E lo vidi di nuovo: quel lampo freddo.

«Chiara,» disse. Il mio nome nella sua bocca suonava storto. «Benvenuta nella nostra famiglia. Spero che tu sia molto… felice.»

La pausa prima di “felice” era troppo lunga.
Sollevò il bicchiere. «Agli sposi.»

«Agli sposi!» ripeté la sala in coro.

Sollevai il mio flute con le mani che tremavano. Marco fece lo stesso, radioso. Patrizia portò lo spumante alle labbra e bevve a sorsi lunghi.

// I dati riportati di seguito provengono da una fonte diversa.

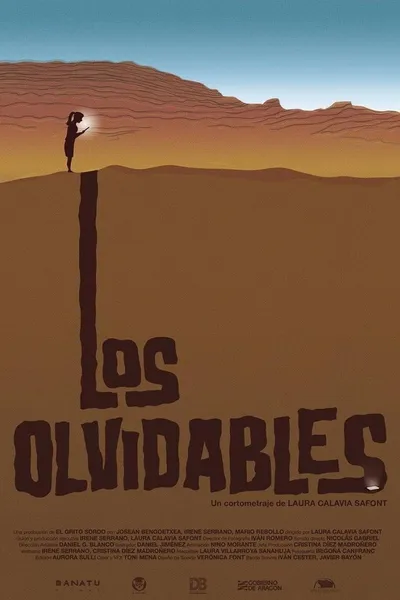 Los Olvidables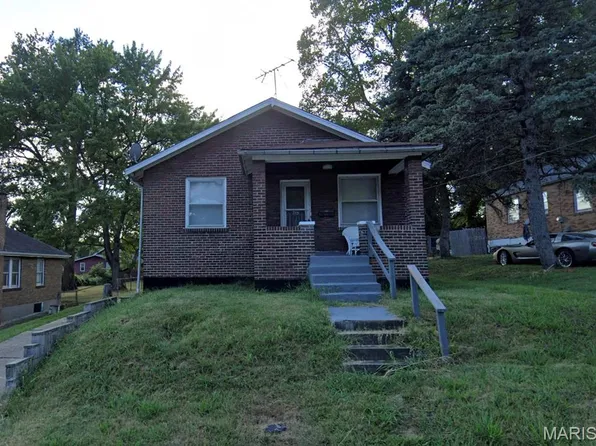3105 Thelma Ave, Saint Louis, MO 63121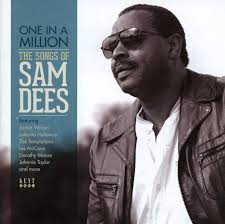 One In A Million: The Songs Of Sam Dees: Amazon.co.uk: CDs & Vinyl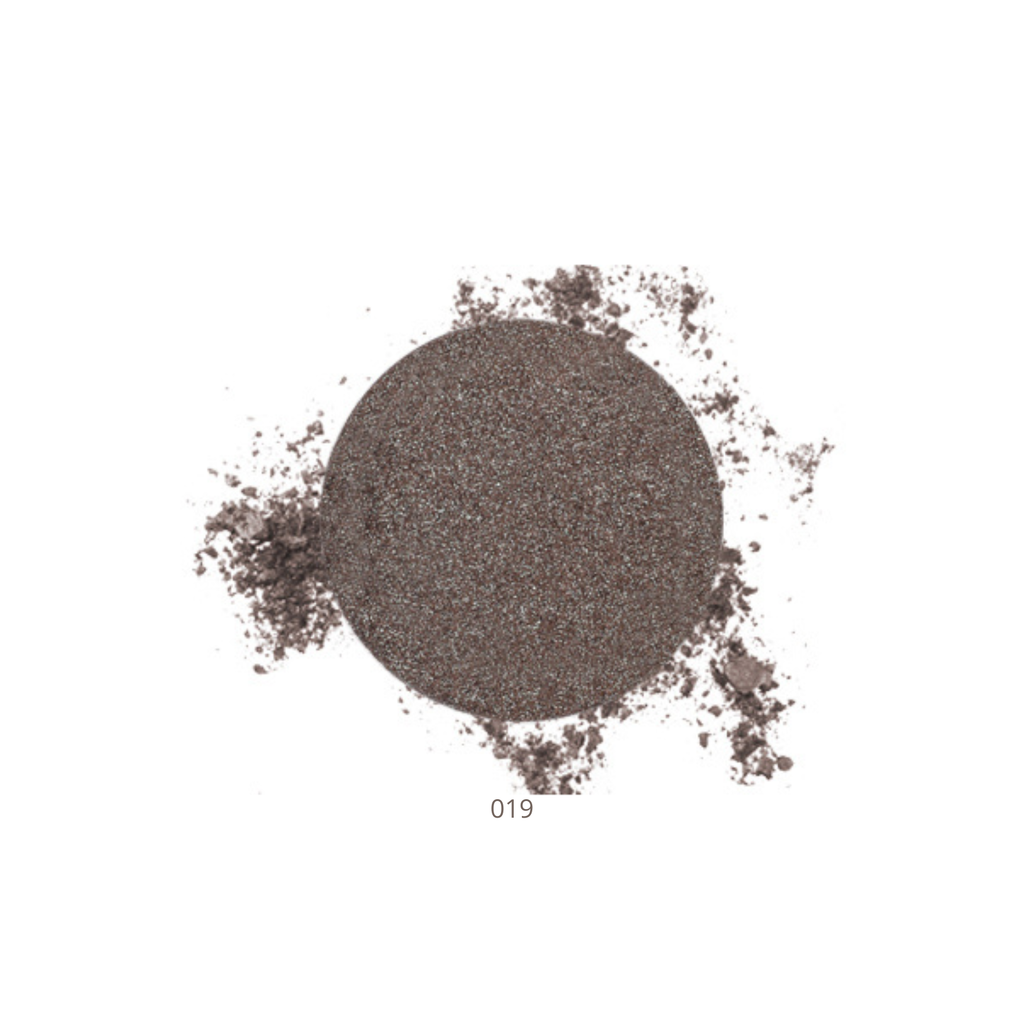 Godets Holographic - Sombras individuales holográficas para paleta magnética - 6g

La guardai, paralizzata, mentre ingoiava una, due volte. Abbassò il bicchiere con lo stesso sorriso soddisfatto di prima. Niente. Per un attimo pensai di essermi sbagliata. Forse non era niente di che, forse non aveva messo abbastanza da fare danno, forse…

Poi Patrizia sbatté le palpebre, come sorpresa da qualcosa.

Marco era in piedi ora, stava facendo il suo brindisi: parlava di come mi aveva amata dal primo incontro, di come voleva costruire una vita insieme, di un futuro a due. Non capivo una parola. Stavo osservando solo lei.

Patrizia posò il bicchiere. Si portò una mano alla fronte. Oscillò appena, aggrappandosi allo schienale della sedia.

Giorgio le toccò il gomito. «Patrizia?»

«Sto bene,» rispose, ma la voce era strana, impastata.

Marco finì il suo brindisi. Tutti bevvero. Io portai il bicchiere alle labbra, ma lasciai che lo spumante mi bagnasse appena la bocca senza deglutire. Lo posai subito.

Il DJ rimise la musica. La sala ricominciò a chiacchierare, i camerieri si muovevano tra i tavoli. Io non mi mossi. Fissavo Patrizia.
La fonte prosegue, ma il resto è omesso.